Asset prices and interest rates worldwide have become more closely correlated in the wake of the unprecedented monetary easing by central banks in advanced economies, according to the Bank for International Settlements (BIS).
This closer correlation across borders following the global financial crises has created major challenges for policymakers in emerging market economies as witnessed by the sharp reversal in capital flows and bouts of market volatility from May last year through February 2014.
Deputy governors from 25 emerging market economies - including Brazil, China, Russia, South Africa, India and Turkey - discussed the impact of monetary policy in major advanced economies on their economies and how to manage the exit from highly accommodative policy at a meeting at the BIS' headquarters in Basel in March.

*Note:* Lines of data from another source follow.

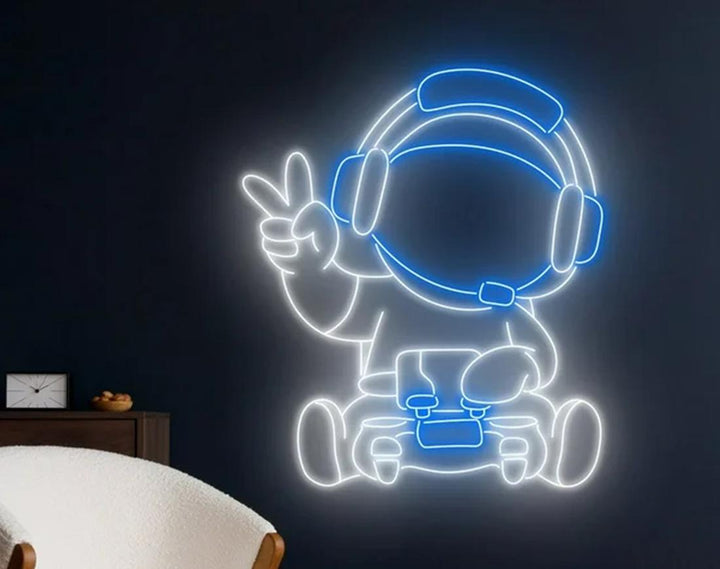 Gamer LED Neon Sign by manhattanneons.com - Neon glow for ultimate gamers.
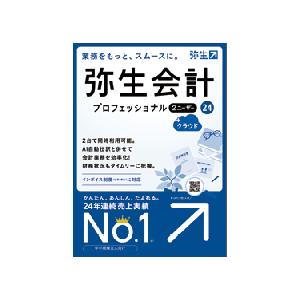 弥生会計24 プロフェッショナル 2ユーザー +クラウド 通常版＜インボイス制度・電子帳簿保存法対応...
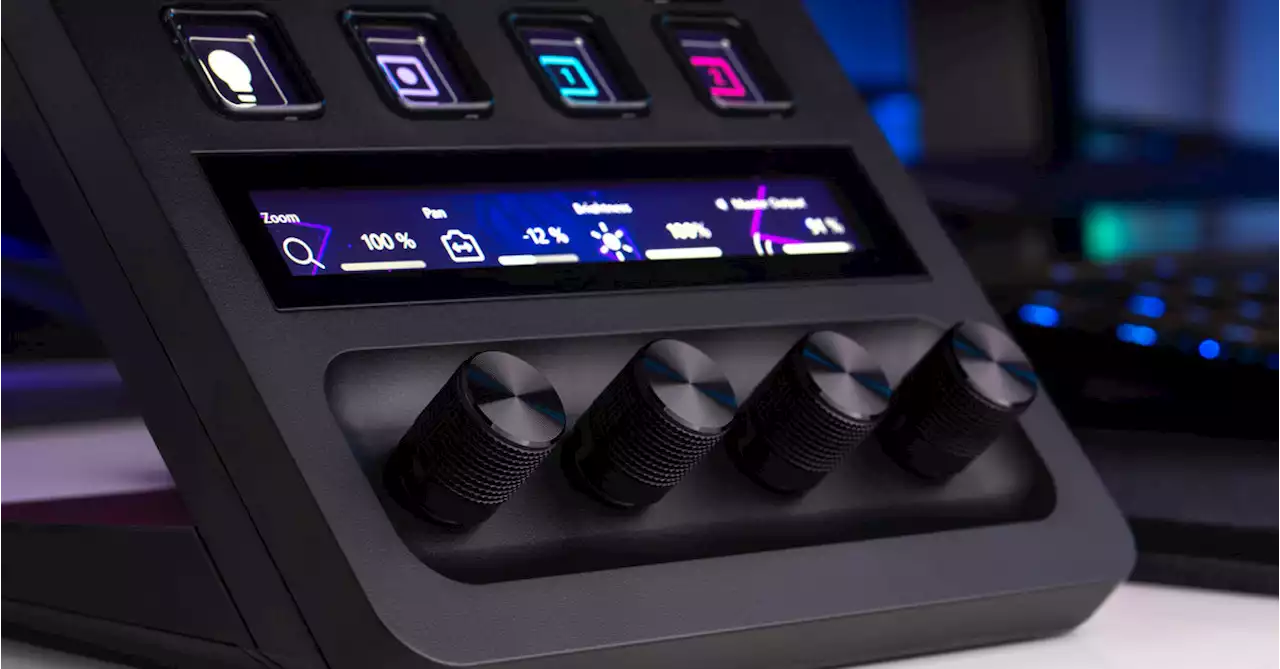 Elgato’s new Stream Deck joins the knob mob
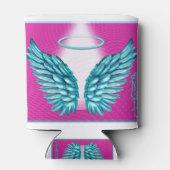 "Dreamweaver Angelic Wings and Halo" Blikjeskoeler (Achterkant)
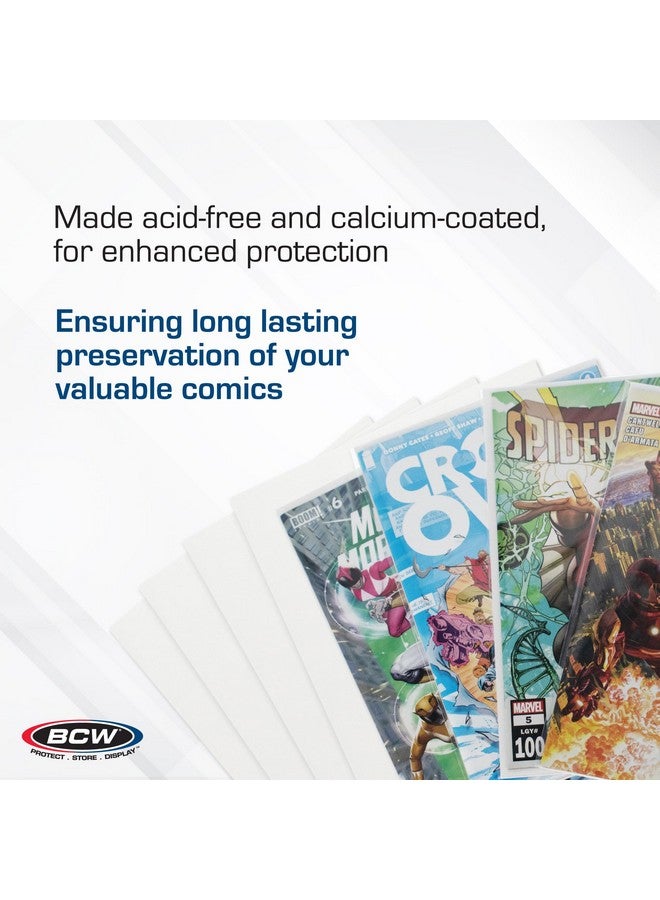 BCW Current Comic Book Backing Boards - 200 Count by BCW - Image 5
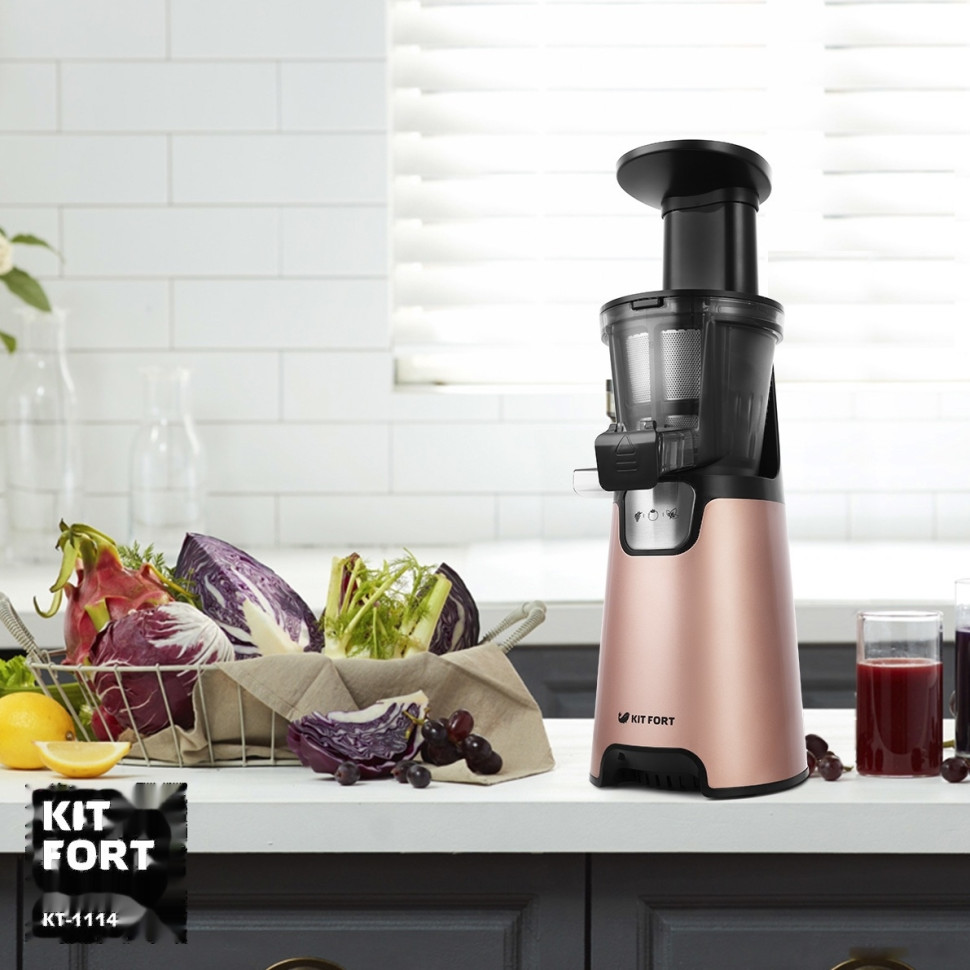 Соковыжималка Kitfort KT-1114 Соковыжималка Kitfort KT-1114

BIS, which promotes international cooperation among central banks, has now released 24 background and contributed papers from this meeting on the topic of "The transmission of unconventional monetary policy to the emerging markets."
The papers can be accessed on BIS' website: www.bis.org.
The meeting focused on three main questions, including how external monetary conditions become a source of risk to monetary and financial stability in emerging markets, how central banks should respond to such shocks and whether there can be a greater international role for emerging market currencies.
"One major worry was the risk of an abrupt reversal of capital flows to EMEs," BIS said, adding:
"Central banks face difficult policy dilemmas in preserving financial stability while pursuing their monetary policy goals. It is hard for EME monetary authorities to counter a prolonged period of very low long-term interest rates and increased risk-taking in global financial markets."